If the wine that was used was a French Chablis, I'm pretty sure it was a simple one, and not a Premier Cru or better. I often cook with that kind of wine for just the occasion you've described. Actually, my "house White" is a French Chardonnay from a town just south of Chablis that retails for $11.99 a bottle. Love to drink it as well...... called Cuvée de Vezelay. Wines like this are sometimes hard to find. Cali Chardonnays are not good subs, One that is generally available is the Chardonnay called St. Veran, and Georges Duboeuf's is kinda all over most American wine shops. I use that one a lot, as well.
Well, so I browsed over to the henrydevezeley winery Website, and it encouraged e-mails. So I sent one off asking where in L.A. the Cuvee de Vezelay could be had. I got this prompt response back from a woman there - the last line is the kicker. :) <3
You may be able to purchase Henry de Vézelay at :
Pacific Coast WIne Marketing
16580 Harbour Bld., #G
The Henry WIne Group
These are the nearest two places I can think of. If not I'm afraid you'll just have to come to Burgundy...
Keep in mind that winery websites are RARELY accurate in terms of where you can buy the wine. There are just too many stores, and wines often come-and-go . . . Some domestic wineries are better able to list whatrestaurants have bought the wines, but these too are often inaccurate. But when it comes to wine producers outside the U.S., their websites usually list the importer or the wholesaler handling their wines.
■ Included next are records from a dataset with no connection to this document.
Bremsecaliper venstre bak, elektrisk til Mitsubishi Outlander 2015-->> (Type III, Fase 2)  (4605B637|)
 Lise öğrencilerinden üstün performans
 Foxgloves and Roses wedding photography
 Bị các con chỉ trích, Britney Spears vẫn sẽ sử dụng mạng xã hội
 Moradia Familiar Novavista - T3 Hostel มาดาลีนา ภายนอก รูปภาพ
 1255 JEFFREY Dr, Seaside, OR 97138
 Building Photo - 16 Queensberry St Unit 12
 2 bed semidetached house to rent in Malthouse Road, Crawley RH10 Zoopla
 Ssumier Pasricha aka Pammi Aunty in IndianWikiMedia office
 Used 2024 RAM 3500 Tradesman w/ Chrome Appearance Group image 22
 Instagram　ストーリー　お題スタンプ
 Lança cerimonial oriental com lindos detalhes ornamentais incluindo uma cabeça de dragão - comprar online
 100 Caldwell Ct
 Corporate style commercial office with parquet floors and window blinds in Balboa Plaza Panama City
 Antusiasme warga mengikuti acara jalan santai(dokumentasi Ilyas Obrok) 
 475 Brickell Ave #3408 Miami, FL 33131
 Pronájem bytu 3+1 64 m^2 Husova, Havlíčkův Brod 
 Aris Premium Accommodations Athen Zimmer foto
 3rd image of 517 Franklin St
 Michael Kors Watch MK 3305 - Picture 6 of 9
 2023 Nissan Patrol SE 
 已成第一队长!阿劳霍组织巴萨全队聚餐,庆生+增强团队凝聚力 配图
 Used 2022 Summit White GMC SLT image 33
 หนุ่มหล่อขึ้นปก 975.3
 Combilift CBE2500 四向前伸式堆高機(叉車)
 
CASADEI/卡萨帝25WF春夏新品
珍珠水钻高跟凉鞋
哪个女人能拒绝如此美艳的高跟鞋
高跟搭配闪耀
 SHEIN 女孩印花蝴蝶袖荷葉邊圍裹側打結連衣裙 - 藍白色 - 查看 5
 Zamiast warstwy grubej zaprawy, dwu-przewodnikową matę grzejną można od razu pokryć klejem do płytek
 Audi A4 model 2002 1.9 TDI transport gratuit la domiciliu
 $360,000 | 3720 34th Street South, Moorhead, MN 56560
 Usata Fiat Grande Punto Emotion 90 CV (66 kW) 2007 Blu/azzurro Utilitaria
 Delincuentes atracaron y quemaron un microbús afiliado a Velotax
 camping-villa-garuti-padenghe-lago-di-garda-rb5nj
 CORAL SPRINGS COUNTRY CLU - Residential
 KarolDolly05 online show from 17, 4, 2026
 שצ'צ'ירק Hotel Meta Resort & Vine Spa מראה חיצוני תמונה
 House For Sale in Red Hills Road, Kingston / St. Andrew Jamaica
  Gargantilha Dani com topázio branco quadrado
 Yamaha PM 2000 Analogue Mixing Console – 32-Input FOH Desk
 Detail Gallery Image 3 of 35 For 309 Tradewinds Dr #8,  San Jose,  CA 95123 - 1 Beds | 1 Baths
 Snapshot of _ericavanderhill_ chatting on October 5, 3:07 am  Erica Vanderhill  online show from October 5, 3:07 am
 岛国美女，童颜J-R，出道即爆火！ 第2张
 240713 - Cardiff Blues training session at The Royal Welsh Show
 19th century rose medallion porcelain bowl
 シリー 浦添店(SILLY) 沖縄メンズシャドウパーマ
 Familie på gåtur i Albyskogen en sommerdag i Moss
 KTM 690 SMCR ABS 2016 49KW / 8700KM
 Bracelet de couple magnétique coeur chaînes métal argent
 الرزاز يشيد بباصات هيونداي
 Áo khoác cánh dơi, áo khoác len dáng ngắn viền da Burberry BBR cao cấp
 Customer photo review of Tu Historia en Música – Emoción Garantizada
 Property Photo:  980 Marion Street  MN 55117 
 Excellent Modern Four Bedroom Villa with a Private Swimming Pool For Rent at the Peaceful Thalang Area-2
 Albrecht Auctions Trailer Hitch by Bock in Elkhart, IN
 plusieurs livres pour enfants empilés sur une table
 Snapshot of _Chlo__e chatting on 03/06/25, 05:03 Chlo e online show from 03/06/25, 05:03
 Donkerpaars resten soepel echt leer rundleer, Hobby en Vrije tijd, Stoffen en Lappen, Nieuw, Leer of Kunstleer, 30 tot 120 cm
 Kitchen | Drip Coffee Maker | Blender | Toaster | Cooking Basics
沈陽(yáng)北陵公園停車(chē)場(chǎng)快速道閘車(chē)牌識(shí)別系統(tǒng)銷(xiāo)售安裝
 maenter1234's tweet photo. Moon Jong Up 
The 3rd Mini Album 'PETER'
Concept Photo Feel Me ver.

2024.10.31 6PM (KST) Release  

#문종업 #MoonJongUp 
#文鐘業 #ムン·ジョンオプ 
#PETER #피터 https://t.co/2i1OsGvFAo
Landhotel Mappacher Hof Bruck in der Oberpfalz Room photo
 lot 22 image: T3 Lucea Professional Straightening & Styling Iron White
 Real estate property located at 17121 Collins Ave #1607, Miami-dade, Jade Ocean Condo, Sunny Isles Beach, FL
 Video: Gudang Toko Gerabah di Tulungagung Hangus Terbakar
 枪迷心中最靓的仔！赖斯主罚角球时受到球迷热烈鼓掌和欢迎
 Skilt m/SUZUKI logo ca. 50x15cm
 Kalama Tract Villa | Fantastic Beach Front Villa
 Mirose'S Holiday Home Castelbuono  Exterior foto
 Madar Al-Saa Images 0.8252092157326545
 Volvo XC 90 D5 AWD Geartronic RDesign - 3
The Henry Wine Group and Pacific Coast Wine Mktg. are California *wholesale* companies that an individual consumer couldn't purchase directly from anyway, but I wouldn't really expect a producer in France (or anywhere else for that matter) to track every single retail source across the U.S.
The wine used is not all that important. When making a beurre blanc, the wine is completely evaporated away -- the shallots and herbs are cooked with the wine until the wine has evaporated, to an "au sec" (meaning dry) stage.
The important ingredient in the liquid is the acid, needed to make the butter emulsion. Many beurre blancs are in fact made with vinegar, so the recommendations here to use an inexpensive wine are valid. A inexpensive white burgundy (chardonnay grape), a Macon, or (more expensively) 1/4 cup of the whatever wine you'll also be serving with dinner will work nicely. I especially like the idea of using the wine you'll also be serving with dinner. That always brings about a wonderful food and wine pairing.
It's a very good idea, as mentioned here, to find a reasonably priced, flavorful red and white wine that you consistently buy to cook with.
Last, getting the technique down on making a beurre blanc is great, but it can be slightly tricky. Once you've got the technique, venture out and make a lemon (lemon juice) beurre blanc (remember it's the acid you need), a wasabi beurre blanc, a lime-cilantro beurre blanc, and on and on as far as your imagination wants to take it. Perhaps do a practice run before your important dinner. Good luck and happy eating!
A very typical cooking wine in Paris at least is a Macon, red or white. Something from the Loire which is not too fruity would be great as would a Sancerre. A Sancerre is probably too much money. Some of the lighter Entre Deux Mers might work.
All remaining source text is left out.